How to Measure AI Impact on Code Quality and Defects

How to Measure AI Impact on Code Quality and Defects

Written by: Mark Hull, Co-Founder and CEO, Exceeds AI

Key Takeaways

  1. AI-generated code appears in 41% of all code, and PRs with AI show about 1.7× more issues than human PRs. Teams need code-level measurement beyond traditional tools.
  2. Track 7 specific metrics, including PR Revert Rate, Change Failure Rate, Bug Density, Rework Rate, Test Coverage Delta, Longitudinal Incident Rate, and Maintainability Score to quantify AI’s impact.
  3. Build baselines with a 6-step process: set up access, implement multi-signal AI detection, analyze pre-AI data, create cohorts, automate collection, and monitor technical debt for at least 30 days.
  4. Avoid survey-only approaches, single-tool bias, and ignoring long-term outcomes. Extend DORA metrics with AI-focused tracking for a complete view.
  5. Automate AI vs human code analysis with Exceeds AI for line-level visibility, cohort comparisons, and ROI measurement across all AI tools in hours.

7 Metrics That Reveal AI’s Real Impact on Code Quality

Teams need to move beyond traditional DORA metrics and measure code-level outcomes to understand AI’s true impact. AI often boosts throughput but can reduce stability when teams lack a clear measurement framework.
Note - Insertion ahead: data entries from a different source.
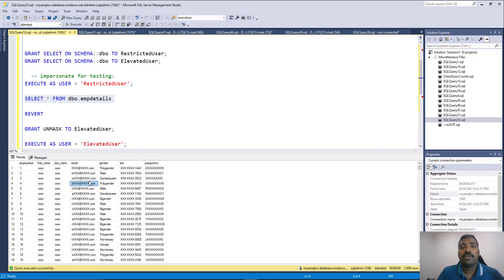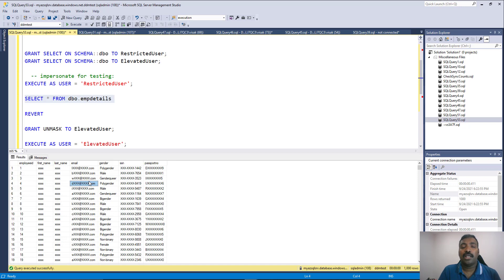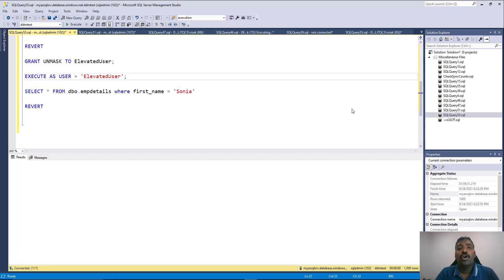Using this setup, you can create a table, fill it with sensitive data, and create two sets of users: one with complete access to the data and another with only the masked data. This is achieved through the unmask permission in Dynamic Data Masking.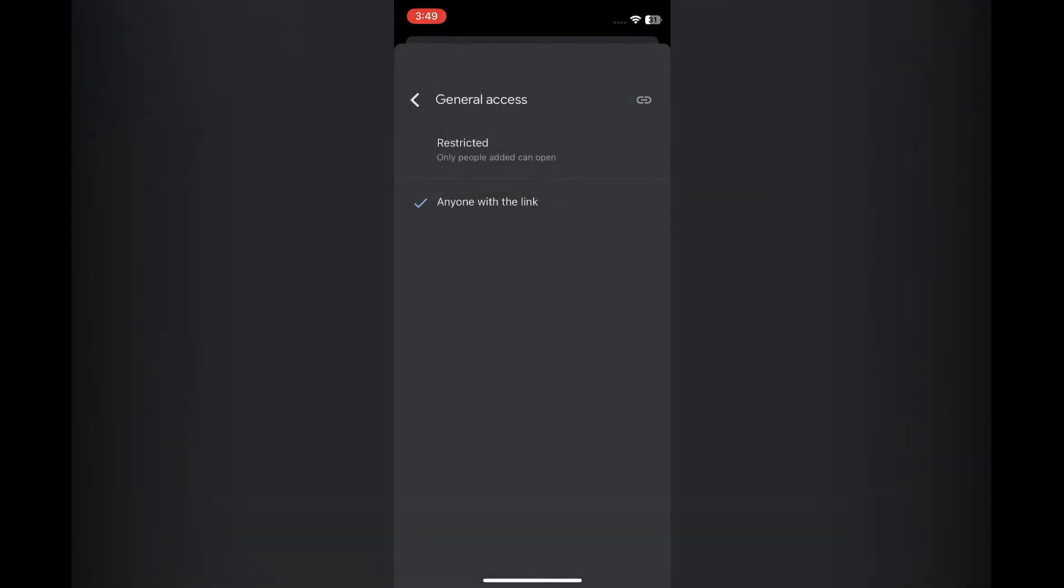By doing this, anyone with the link will be able to view the folder and also be able to download anything that is in the folder. So you're going to tap on the link icon in the top right hand corner.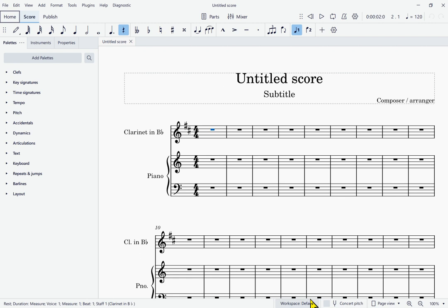Hitting Tab again takes us to the main toolbar, which has three tabs: Home, Score, and Publish. They announce as radio buttons because you can press Space to select them. All we're ever going to work with is the Score tab. The Home tab shows up by default when you first start MuseScore, but as soon as you open a score you're on the Score tab and you'll just stay there. The Publish tab you'd use to upload a score to MuseScore.com, but we can just use the menus for that.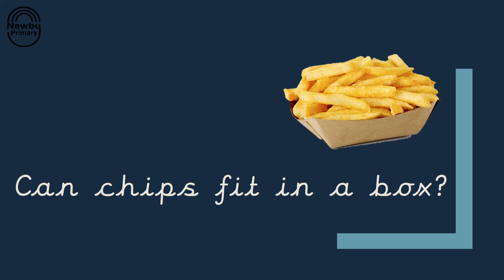Well done. Let's have a go at reading this one together. Can ch in ch in ch in chips, chips, chips can chips fit in a box? Can chips fit in a box?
The seven metrics below form a focused system for quantifying AI’s effect on quality, with each one targeting a specific risk area where AI-generated code can diverge from human baselines.

Metric

Formula

Why It Matters for AI

Baseline Target

PR Revert Rate

(Reverted PRs / Total PRs) × 100

AI code may pass review but fail in production

Human baseline: 2-5%

Change Failure Rate

(Failed Deploys / Total Deploys) × 100

Shows stability differences between AI and human code

Elite: <15%

Bug Density

Bugs Found / KLoC

Captures defect rates in AI-touched code

Industry avg: 15-50 bugs/KLoC

Rework Rate

(Follow-on Edits / Initial Lines) × 100

Highlights how often AI code needs refinement

Target: <20%

Test Coverage Delta

AI PR Coverage % – Human Avg %

Shows whether AI work ships with weaker tests

Maintain or improve coverage

Longitudinal Incident Rate

(30+ Day Incidents from AI Code / Total)

Surfaces hidden technical debt that appears later

Monitor trend vs baseline

Maintainability Score

SonarQube/CodeClimate rating

Flags AI code that is hard to maintain

Maintain A/B grade

These metrics address the core challenge that AI adoption correlates with a 91% increase in code review time and a 9% climb in bug rates despite productivity gains. Teams get value when they establish pre-AI baselines and track AI versus human cohorts over time.
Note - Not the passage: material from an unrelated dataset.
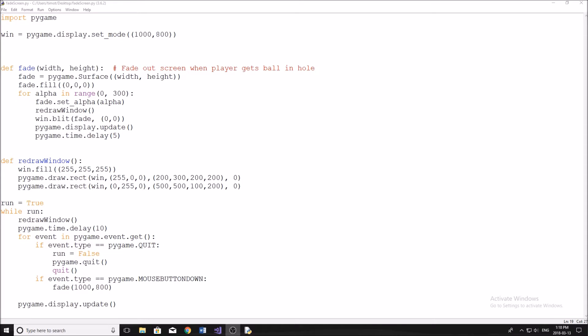So if you guys watched one of my previous videos on a game that I made in pygame, it's called a golf game. That's just what I called it. It's on my channel. If you want to go check it out, I'll leave a card to it in the top right hand corner here.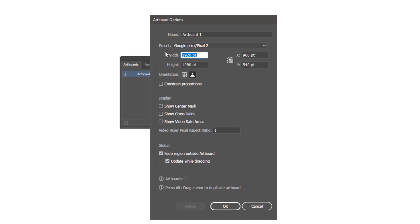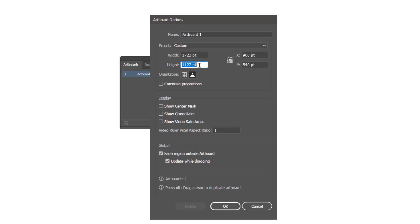The Artboard Options panel will appear. Here you can change the height and width according to your choice. Click OK when you are done.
Exceeds AI Impact Report shows AI code contributions, productivity lift, and AI code quality
Exceeds AI Impact Report shows AI code contributions, productivity lift, and AI code quality

6-Step Process to Build Your AI Code Quality Baseline

A clear baseline gives you a fair comparison between AI-assisted and human-only work. Use this six-step process to build a reliable measurement foundation.

1. Prerequisites and Access Setup

Start by securing read-only access to GitHub or GitLab repositories and confirming basic DORA metric collection. GitHub’s Security tab and Code quality section review the Standard findings dashboard, which gives initial maintainability and reliability ratings.

2. Implement Multi-Signal AI Detection

Accurate AI detection works best when you combine several signals instead of relying on a single indicator. AI-generated code can be flagged through commit message patterns such as “copilot”, “cursor”, or “ai-generated”, through code style signatures, and through telemetry integration when available. Using multiple signals together reduces false positives that appear when teams depend only on commit messages.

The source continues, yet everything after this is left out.